There's actually a dedicated headphone feature, activated from the pop-up on the '...' control, whereby the output from the two turntables is split to the left and right ears. This is useful when cueing a track up by ear to the right point while the main stereo playback continues in the 'mix'.

As you fiddle (sorry, err.. 'mix'), tapping the big red 'Rec' button starts recording whatever you're mixing, and these are saved as .WAV files in your Music folder on the internal storage of your phone. Curiously, these aren't then picked up by edjing itself, even after manually refreshing the track lists, so perhaps the application knows better than to try and let you mix err..... mixes!

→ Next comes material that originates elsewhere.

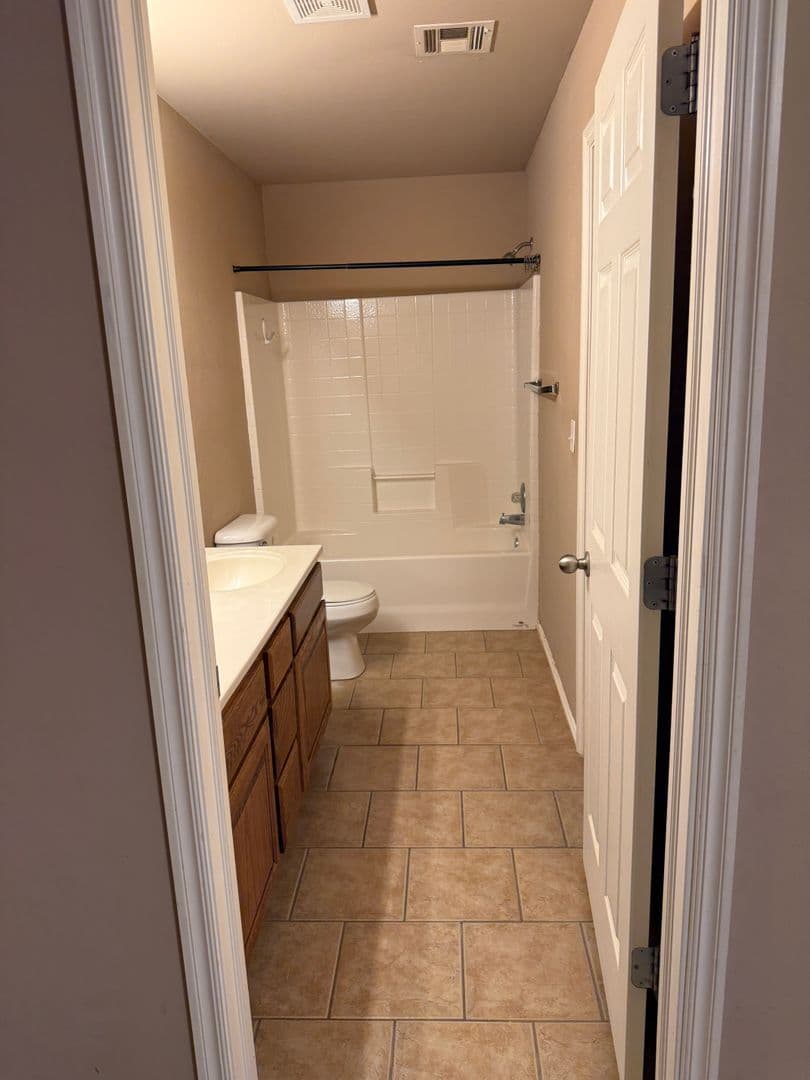 Mustang House: 400 S Castle Ridge Ln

Also on the pop-up control is 'Automix', taking tracks from your playlist (or else randomly from your library) and performing sync and fading automatically - the idea being that if you run out of preparation time and haven't got a mix all recorded up in a neat .WAV file (or if you run out of mixes) then you can just let edjing do its best while you get on with enjoying the event and generally bopping about...

edjing 5 screenshot

There's tremendous flexibility in the blending of tracks into each other, as the screenshot below shows. Quite aside from the speed at which you fade, and apart from the positioning within each track and the relative volume of each, there are also choices in exactly how the cross-fading should be done:

edjing 5 screenshot

Overall, I was really impressed by edjing, with the caveat that it's obvious that any DJ worth his salt wouldn't really be attempting all this on a smartphone in the first place. But having established that it might be the only tool for the job on the move - or maybe you're just getting mix ideas together while on a train or plane journey - then it's more functional than I'd have believed possible on a mere 'phone'.

Yes, there are minor glitches every now and then, especially when loads of sync or FX-processing is going on, and I'd hate to be trying this on a Lumia 550, for example, but they're comparatively minor. There are also usability disconnects, such as the way playback stops abruptly when you stop recording and the 'Share' pick lists appears - there's no mention on screen that the mix has already been saved to a local disk and that you don't need to share at that point at all. 

Plus I had some of the FX get 'stuck', with the joystick immovable until the edjing was restarted, and some music tracks repeatedly crashed the application altogether. These are bugs which will get stomped on, of course - edjing is nothing if not being actively developed (and across multiple platforms), but I thought them worth noting - edjing isn't perfect yet!

I noted that there's a Christmas special offer on going 'pro' in edjing, so see if that's still valid in your area - this application isn't cheap but then it's not needed to be - it's a niche tool and one which is absolutely worth paying for.